The night sky isn't what it used to be. The U.S. alone spends $11 billion each year on unnecessary outdoor lighting and in many regions throughout the world stars and other heavenly phenomena have faded from view. A growing awareness, however, of this "light pollution" has led groups, such as the International Dark-Sky Association (IDA), to fight to preserve natural skies.
"A dark sky experience goes hand-in-hand with the sense of 'getting away from it all'" says Dr. John Barentine, who manages IDA's International Dark Sky Places program. "It means getting as far away from cities as possible." The program accredits places worldwide as International Dark Sky Reserves or Parks, based on their night sky viewing quality along with local efforts to maintain pristineness. National parks offer a good compromise, as they "have built-in tourism infrastructures that also make them readily accessible," says Barentine.
When stargazing, bring water, blankets, chairs, and a just-in-case flashlight, but don't lug a telescope into the wilderness. "Eyes alone are sufficient to sample much of the phenomena revealed by dark skies: the Milky Way, shooting stars, faint satellites crisscrossing the skies," he says.
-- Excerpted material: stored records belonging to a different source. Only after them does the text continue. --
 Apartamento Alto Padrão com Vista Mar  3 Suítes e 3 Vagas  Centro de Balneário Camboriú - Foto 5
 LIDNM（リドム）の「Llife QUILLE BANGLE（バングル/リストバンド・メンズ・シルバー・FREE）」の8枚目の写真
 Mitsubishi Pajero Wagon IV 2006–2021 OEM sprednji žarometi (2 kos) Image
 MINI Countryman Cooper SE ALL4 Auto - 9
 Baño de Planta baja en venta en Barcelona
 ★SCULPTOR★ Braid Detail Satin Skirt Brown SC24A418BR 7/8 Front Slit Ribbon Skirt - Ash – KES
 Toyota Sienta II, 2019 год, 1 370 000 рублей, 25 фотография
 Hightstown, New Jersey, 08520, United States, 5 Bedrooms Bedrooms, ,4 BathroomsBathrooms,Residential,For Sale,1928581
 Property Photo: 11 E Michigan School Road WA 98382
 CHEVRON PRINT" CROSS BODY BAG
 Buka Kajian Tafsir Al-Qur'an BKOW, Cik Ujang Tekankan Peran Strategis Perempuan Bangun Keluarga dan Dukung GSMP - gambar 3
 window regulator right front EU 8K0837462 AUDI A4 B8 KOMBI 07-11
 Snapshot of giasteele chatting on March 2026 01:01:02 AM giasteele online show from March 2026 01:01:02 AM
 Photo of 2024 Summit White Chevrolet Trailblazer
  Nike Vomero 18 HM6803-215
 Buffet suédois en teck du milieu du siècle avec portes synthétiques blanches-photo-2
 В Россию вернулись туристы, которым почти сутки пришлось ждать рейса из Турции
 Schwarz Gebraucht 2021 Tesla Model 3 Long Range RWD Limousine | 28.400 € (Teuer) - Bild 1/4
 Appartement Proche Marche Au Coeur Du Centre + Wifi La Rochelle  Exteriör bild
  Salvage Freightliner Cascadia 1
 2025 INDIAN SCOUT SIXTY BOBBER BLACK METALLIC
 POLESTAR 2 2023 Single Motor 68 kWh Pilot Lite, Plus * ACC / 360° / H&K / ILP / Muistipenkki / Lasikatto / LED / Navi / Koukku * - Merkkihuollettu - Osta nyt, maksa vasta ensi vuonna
Here, then, are some of the best places in the world for looking up at night.
NamibRand International Dark Sky Reserve
Combine a safari with stargazing at this reserve in the southern African nation of Namibia, among the most sparsely populated countries on Earth. Barentine says the site is "perhaps the darkest location IDA has ever designated." The skies above the reserve's 770 square miles of land, he added, are "as close to 'natural' darkness as one can obtain in the world."